Die unmittelbare Leitung
des Journals würde in den Händen eines Comités von 5 Personen beruhen, welche in
Wien ihren Wohnsitz haben und an dem Unternehmen
betheiligt sind. Die Kontrolle führt Herr Graf Leo Thun, mit dem das Comité in schwierigern Fragen
Rücksprache zu nehmen hätte.

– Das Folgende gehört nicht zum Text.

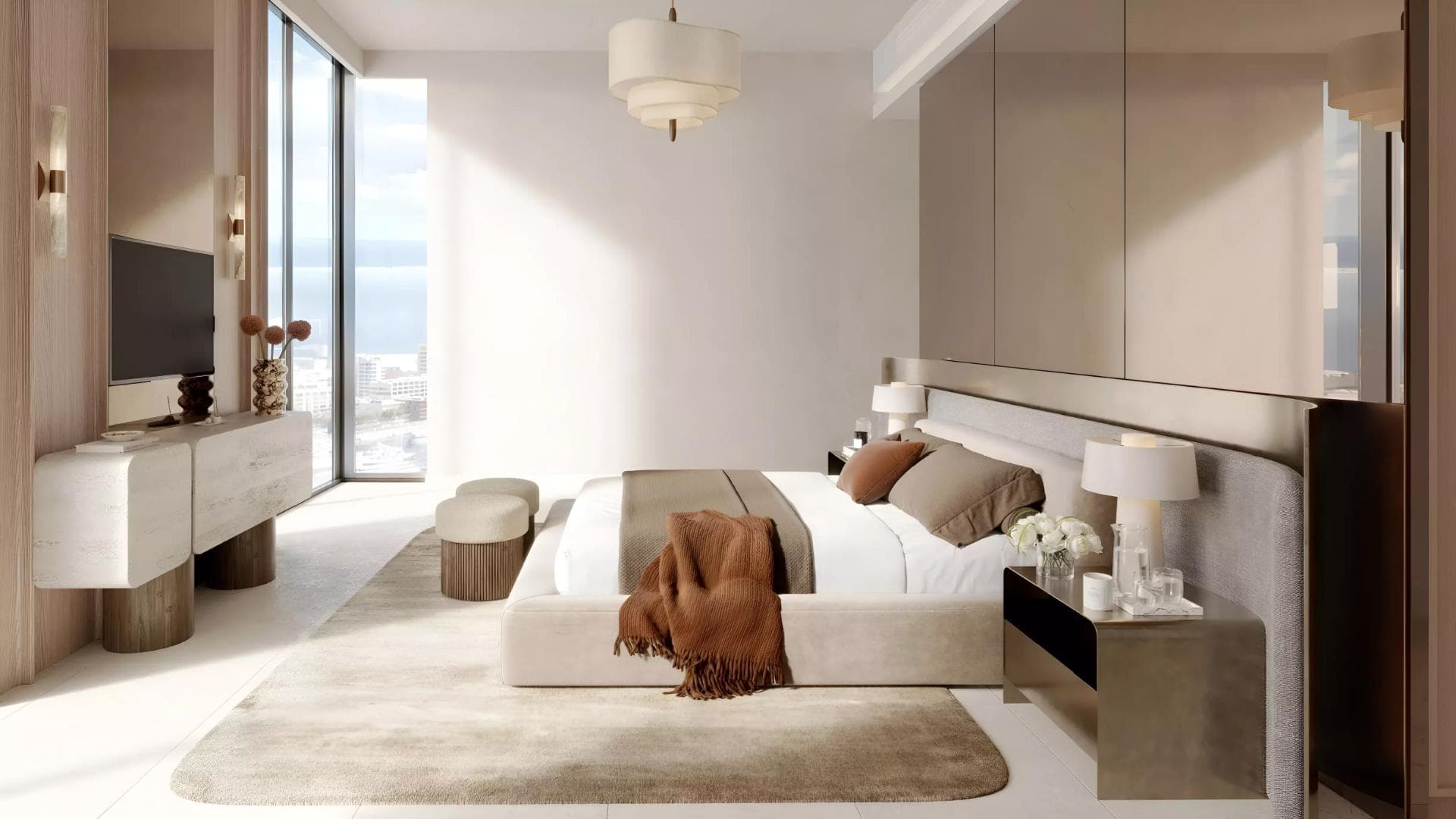 Portside Square at Mina Rashid Dubai by Ellington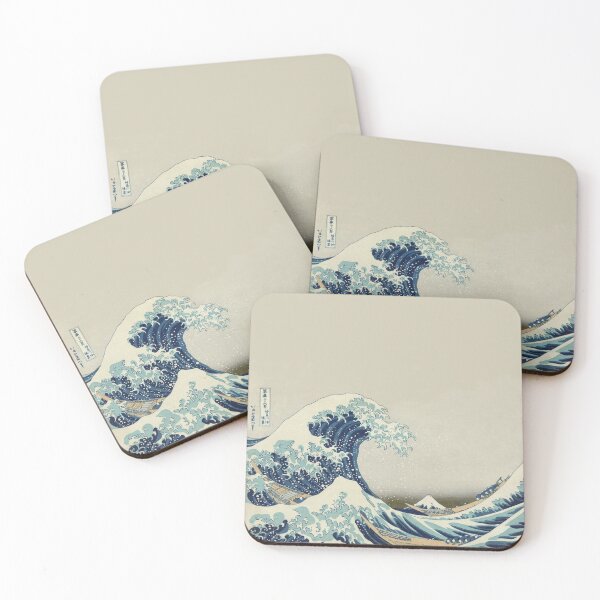Item preview, Okusai Great Wave designed and sold by Balbutian.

Eine weitere Einflußnahme würde nur hemmend und
beirrend wirken.
Der Aufwand würde durch Aktien nach folgendem Plane
gedeckt.
1. Die Zeitung erscheint unter dem Titel „Wĕstník od Dunaje“
sechsmal in der Woche, in Großfolio, auf gutem Papier, mit lateinischen
Lettern.
2. Die Kosten für Papier, Druck, für Redaktion, Korrespondenz,
Expedition etc. dürften sich jährlich auf 20.000 fl belaufen.
3. Diese
Kosten werden zunächst aus dem Erträgnisse des Blattes selbst bestritten und nur
der Abgang durch die Beiträge der Akzionäre gedeckt.
4. Das Unternehmen ist
für begründet anzusehen, sobald die Kaution von 10.000 fl in Staatspapieren und
ein Betrag von 20.000 fl als eigentlicher Zeitungsfond gezeichnet ist.
5.
Der für die Kaution gezeichnete Betrag muß sogleich beim Beginne des
Unternehmens zur Disposition gestellt und wenigstens durch zwei Jahre seiner
Bestimmung nicht entzogen werden.
6. Der Zeitungsfond von 20.000 fl jährlich
wird durch Akzien zu 500 fl aufgebracht, wovon die eine Hälfte beim Beginne des
Unternehmens erlegt, die andere Hälfte nur für den Fall des Bedürfnisses
zugesichert wird.
7. Die Unterzeichnung verpflichtet bloß zur einmaligen
Leistung des unterzeichneten Betrages, nur ist jeder Theilnehmer, welcher für
folgende Jahre nicht mehr mitzuwirken gesonnen ist, verpflichtet, seinen
Austritt aus der Gesellschaft ein halbes Jahr vorher bekannt zu geben.
8.
Jeder Unterzeichner einer Aktie hat das Recht, außer den gefertigten
Unternehmern noch drei Personen namhaft zu machen, wovon jene drei, welche die
meisten Stimmen für sich haben, mit den zwei Unternehmern das leitende Comité
mit einem Vorstand aus dessen Mitte bilden.
9. Dieses Comité bestellt den
Redakteur und führt die Unternehmung selbstständig, nur erstattet es am Ende des
Jahres Bericht über den Erfolg und legt Rechnung ab über die verwendeten
Geldmittel.
10. In dem Maße, als die Zuschüsse von Seite der Gesellschaft
durch den Ertrag des Blattes überflüssig werden, vermindert sich die
Verbindlichkeit der Unterzeichner, ohne daß deshalb das Recht derjenigen, die
sich zu Beiträgen für die Dauer des Journals verpflichtet haben, zur
angedeuteten Bestellung des leitenden Comités aufhören würde.
11. Für den
Fall, als sich die Gesellschaft ganz auflösen sollte, bleiben die beiden
unterzeichneten Unternehmer Eigenthümer des Blattes.